Khosrowshahi, who is with Grab as part of the agreement, said, "This deal is a testament to Uber's exceptional growth across Southeast Asia over the last five years. It will help us double down on our plans for growth."
Grab said, the value of the deal was the largest ever acquisition by a Southeast Asian internet company, which was not disclosed.
Grab has been dominating the ride-hailing in Southeast Asia and a deal with Uber was on the cards after Japanese financial titan Softbank invested huge sums in the US firm.
Softbank is known for pushing for consolidation in the global ride-hailing industry, which has been losing money due to turf wars.
Grab is combining Uber's food delivery service in the region with its own as a part of its Monday’s Deal. It also plans to expand it to more countries.
While both Uber and Grab said that the move would benefit customers and the analysts raised concerns a lack of competition could push up prices.
Corrine Png, a transport analyst from Singapore-based research firm Crucial Perspective, told AFP "Industry consolidation will mean fewer choices for commuters and fares are likely to trend higher over time as the remaining players seek to improve their profitability longer term."
Grab was launched in 2012 and it has invested money into expanding its regional reach and now operates in 195 cities in Singapore, Indonesia, the Philippines, Malaysia, Thailand, Vietnam, Myanmar and Cambodia.

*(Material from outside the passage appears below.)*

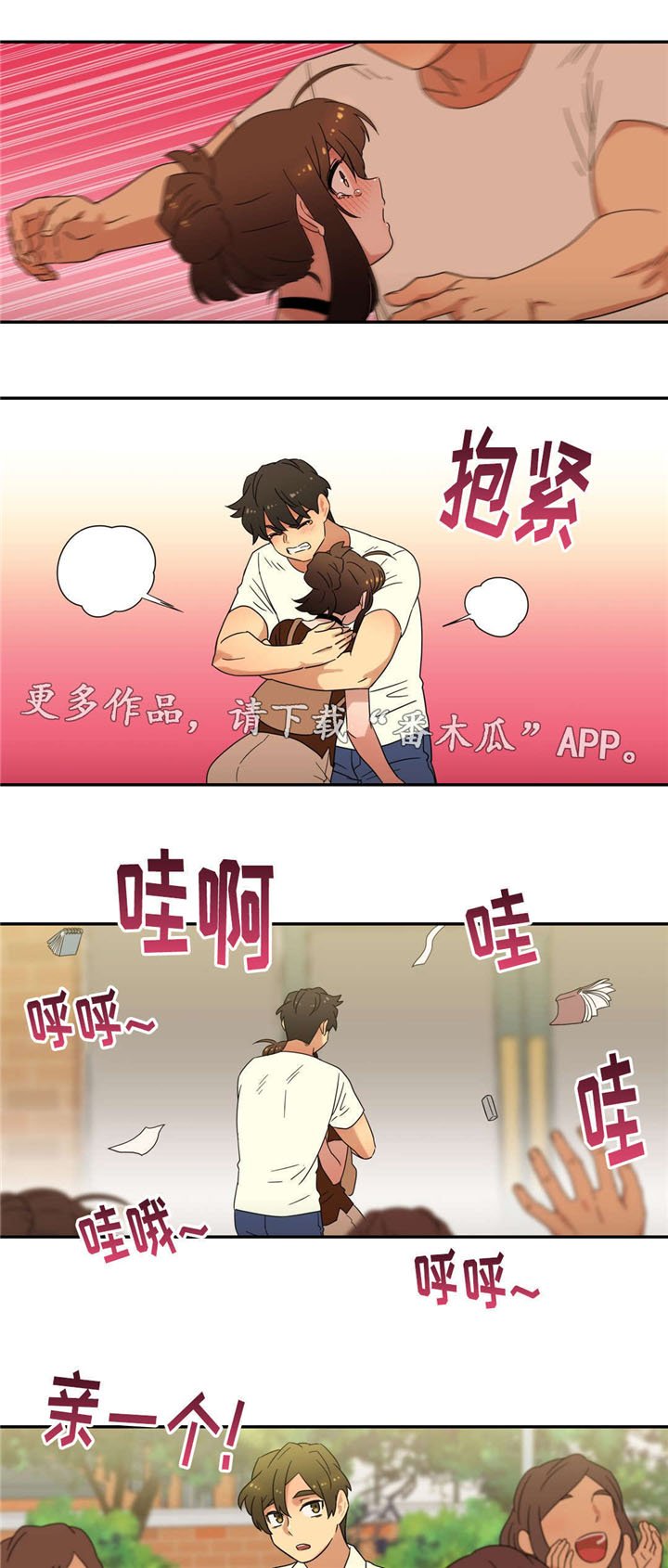 第47章：新家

As a part of the plan, they have included these facilities for the grab users, linking customers up with private cars, services offering motorbike taxis in some countries, regular taxis and carpooling, as well as food and package delivery.

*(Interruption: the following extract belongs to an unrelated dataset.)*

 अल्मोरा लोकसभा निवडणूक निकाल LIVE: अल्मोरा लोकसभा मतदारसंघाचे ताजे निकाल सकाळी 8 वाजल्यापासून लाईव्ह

Before the takeover, Uber was operating in 64 cities in eight Southeast Asian countries.
According to a 2016 report by Singapore sovereign wealth fund Temasek, Competition between ride-hailing apps has been heating up in Southeast Asia, with the market forecast to grow more than five times to $13.1 billion by 2025.
Uber has its presence in more than 600 cities, but it has been moved by scandals and is facing raging competition from rivals in Asia and Europe.
New boss Khosrowshahi has vowed to turn the company around as Uber gears up for a 2019 public share offering.
Grab has the power in his hands as ,Uber's losses in 2017 grew to $4.5 billion from the $2.8 billion the company lost a year earlier.